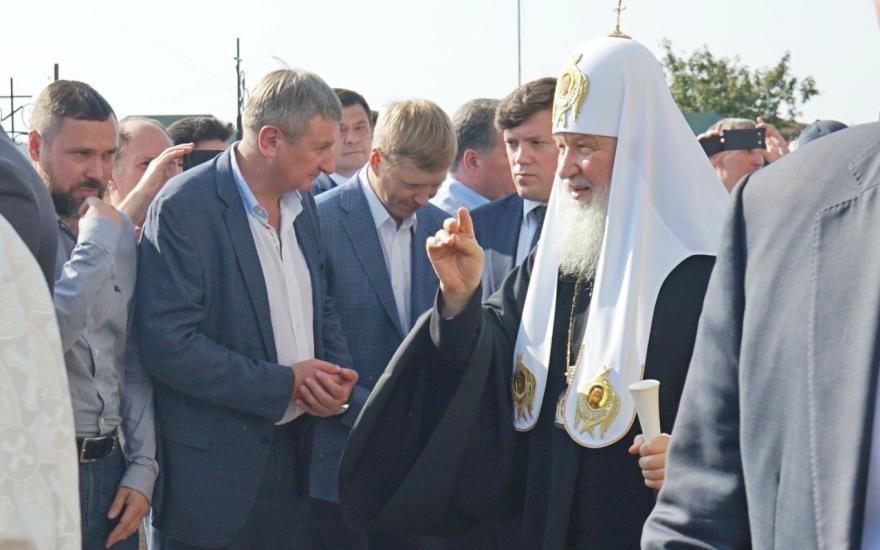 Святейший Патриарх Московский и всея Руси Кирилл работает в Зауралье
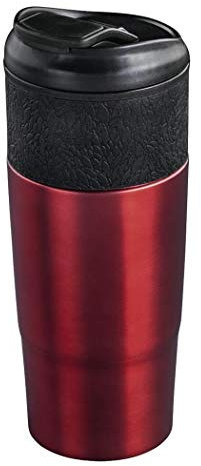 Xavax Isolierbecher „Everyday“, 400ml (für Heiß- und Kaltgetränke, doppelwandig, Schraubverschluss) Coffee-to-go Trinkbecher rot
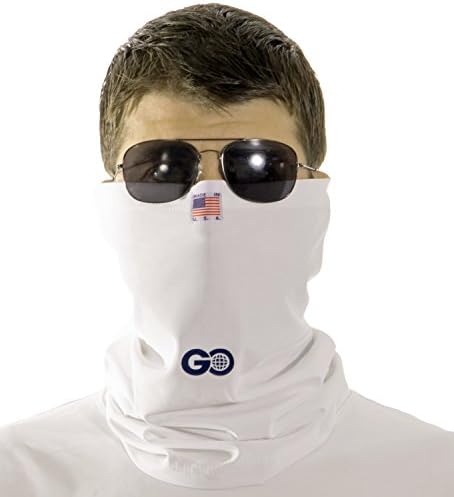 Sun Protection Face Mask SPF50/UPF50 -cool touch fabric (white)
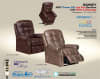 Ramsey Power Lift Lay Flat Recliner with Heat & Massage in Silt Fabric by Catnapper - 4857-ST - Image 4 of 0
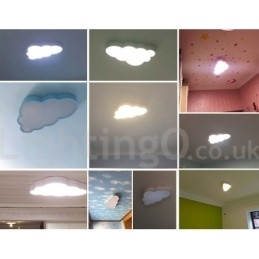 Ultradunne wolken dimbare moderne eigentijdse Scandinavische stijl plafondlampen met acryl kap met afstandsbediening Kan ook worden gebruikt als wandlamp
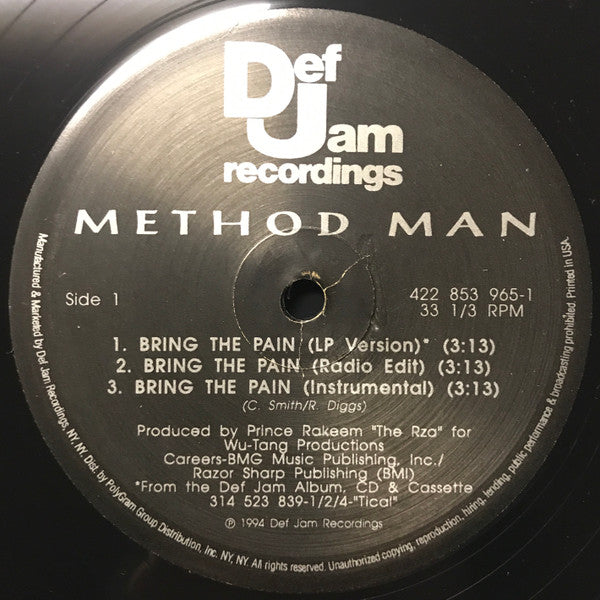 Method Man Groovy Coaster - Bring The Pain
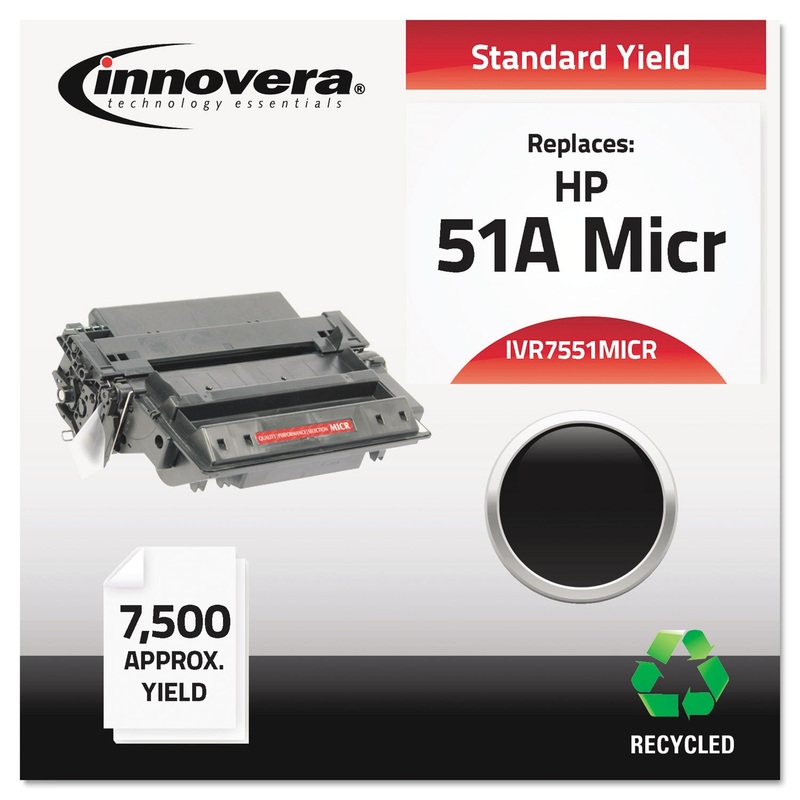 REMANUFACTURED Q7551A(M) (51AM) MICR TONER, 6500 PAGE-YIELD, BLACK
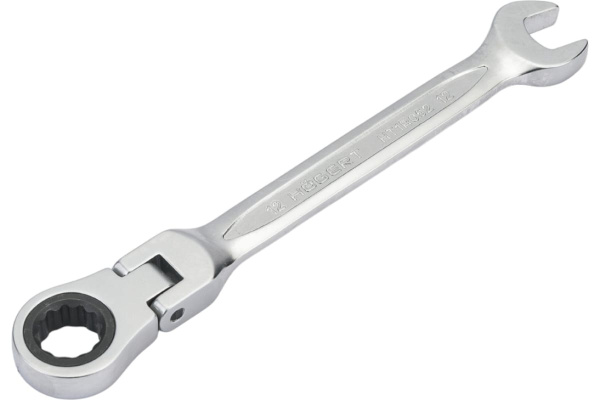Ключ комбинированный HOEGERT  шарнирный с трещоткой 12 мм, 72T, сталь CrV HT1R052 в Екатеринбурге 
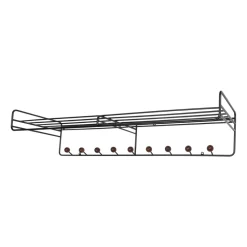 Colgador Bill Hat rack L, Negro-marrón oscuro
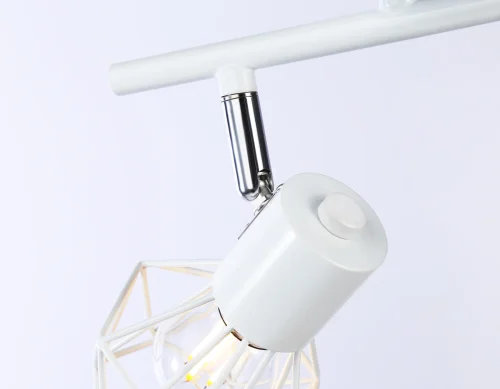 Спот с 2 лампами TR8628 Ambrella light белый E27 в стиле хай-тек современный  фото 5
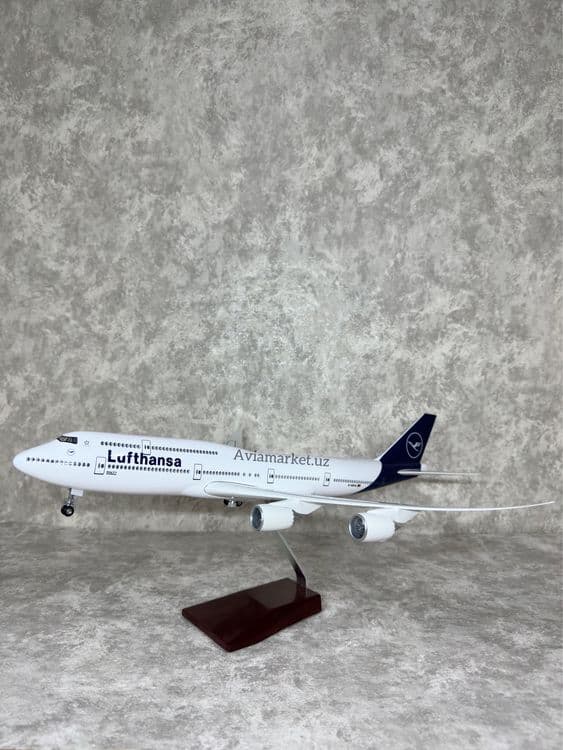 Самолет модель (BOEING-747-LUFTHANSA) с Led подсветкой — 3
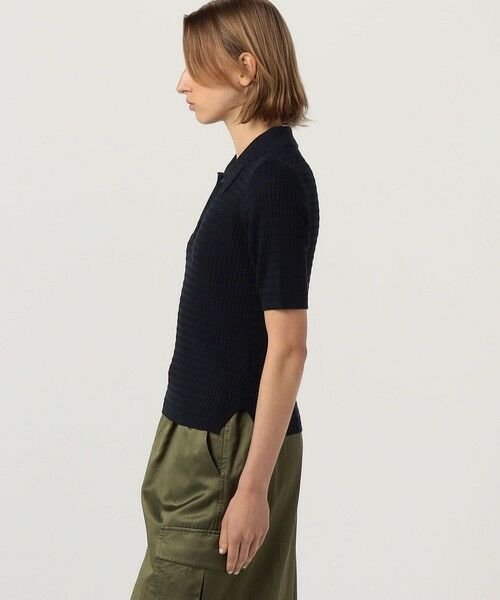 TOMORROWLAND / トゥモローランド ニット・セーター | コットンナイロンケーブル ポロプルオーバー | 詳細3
...
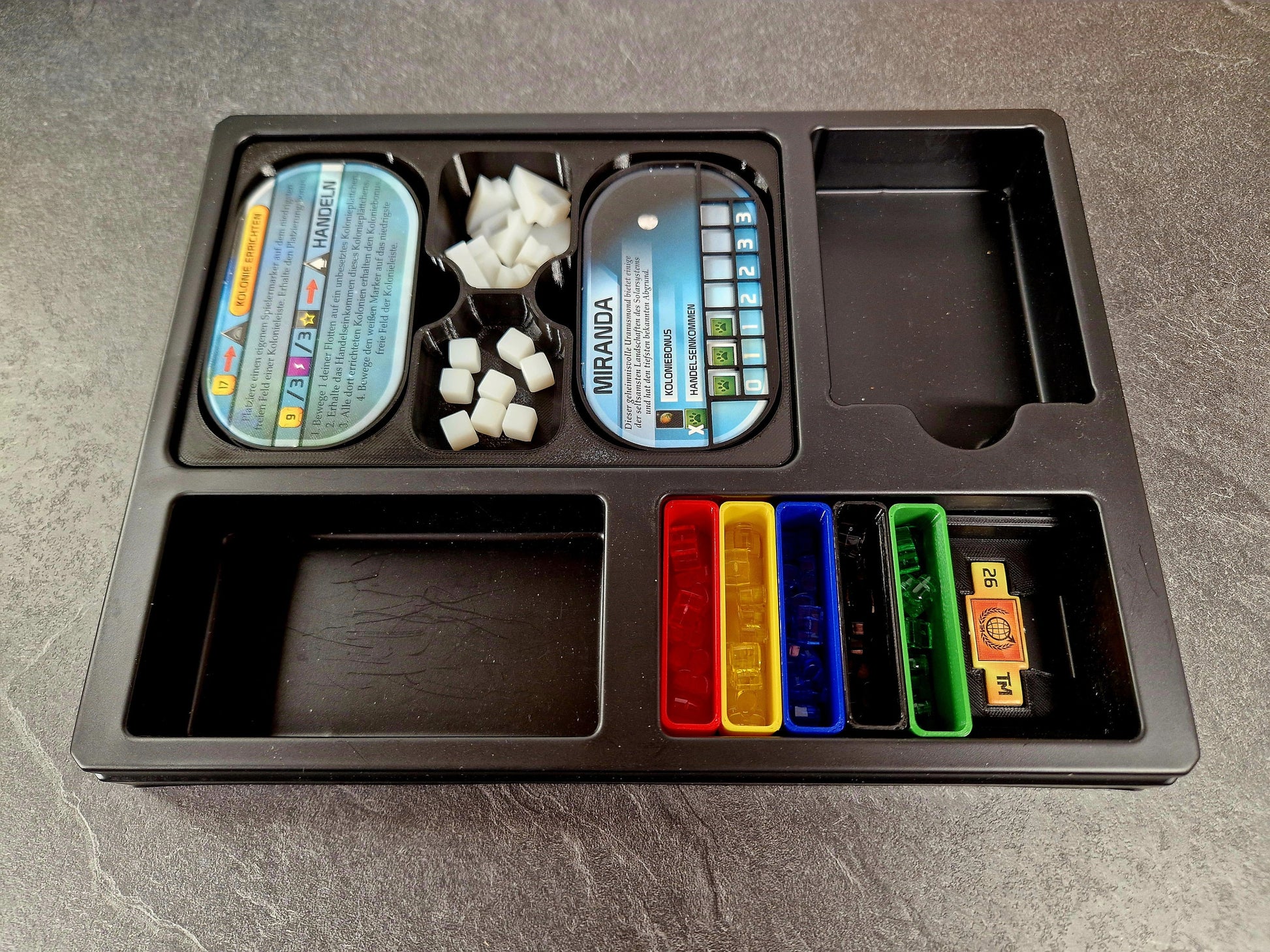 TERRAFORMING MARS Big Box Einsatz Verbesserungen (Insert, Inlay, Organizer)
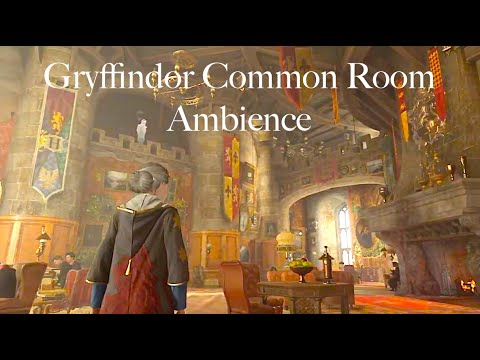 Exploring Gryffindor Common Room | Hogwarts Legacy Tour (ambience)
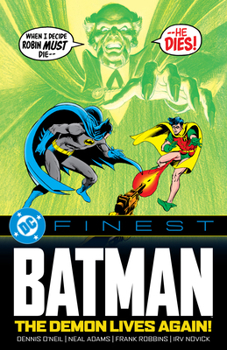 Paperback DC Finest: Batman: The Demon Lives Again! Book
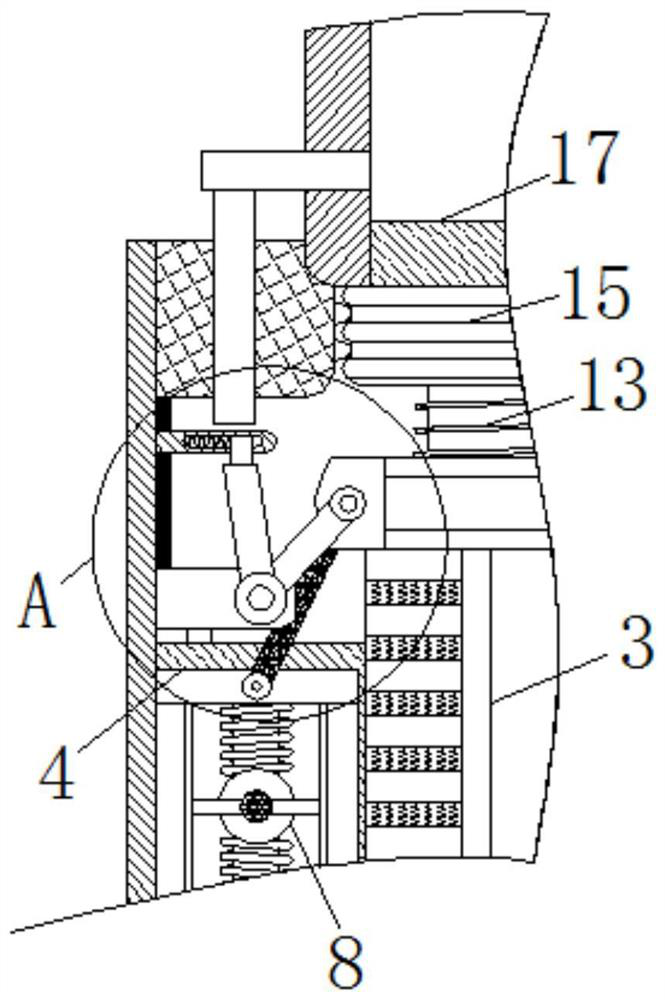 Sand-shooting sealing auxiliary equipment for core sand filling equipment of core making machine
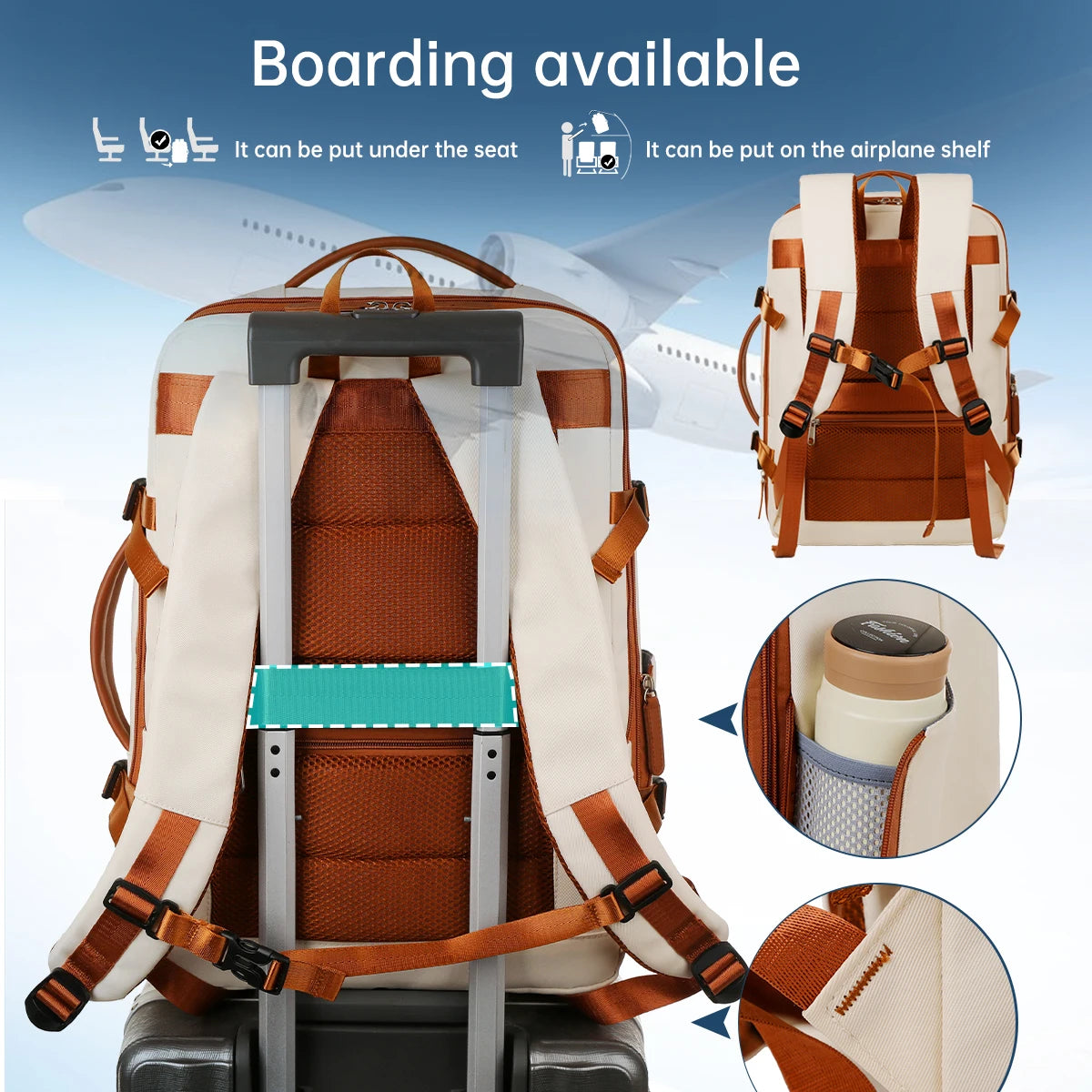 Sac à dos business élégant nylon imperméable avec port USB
* * *
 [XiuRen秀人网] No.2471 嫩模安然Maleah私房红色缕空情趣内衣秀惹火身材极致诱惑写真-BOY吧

_ABOUT THIS EXERCISE:_ Word for word, retype the lines in the entries above that run from the one with "Method Man Groovy Coaster - Bring The Pain" through the one with "TOMORROWLAND / トゥモローランド". Both ends count; pictures do not.

_RESPONSE TO THIS EXERCISE:_
 Method Man Groovy Coaster - Bring The Pain
 REMANUFACTURED Q7551A(M) (51AM) MICR TONER, 6500 PAGE-YIELD, BLACK
Ключ комбинированный HOEGERT  шарнирный с трещоткой 12 мм, 72T, сталь CrV HT1R052 в Екатеринбурге 
 Colgador Bill Hat rack L, Negro-marrón oscuro
 Спот с 2 лампами TR8628 Ambrella light белый E27 в стиле хай-тек современный  фото 5
 Самолет модель (BOEING-747-LUFTHANSA) с Led подсветкой — 3
 TOMORROWLAND / トゥモローランド ニット・セーター | コットンナイロンケーブル ポロプルオーバー | 詳細3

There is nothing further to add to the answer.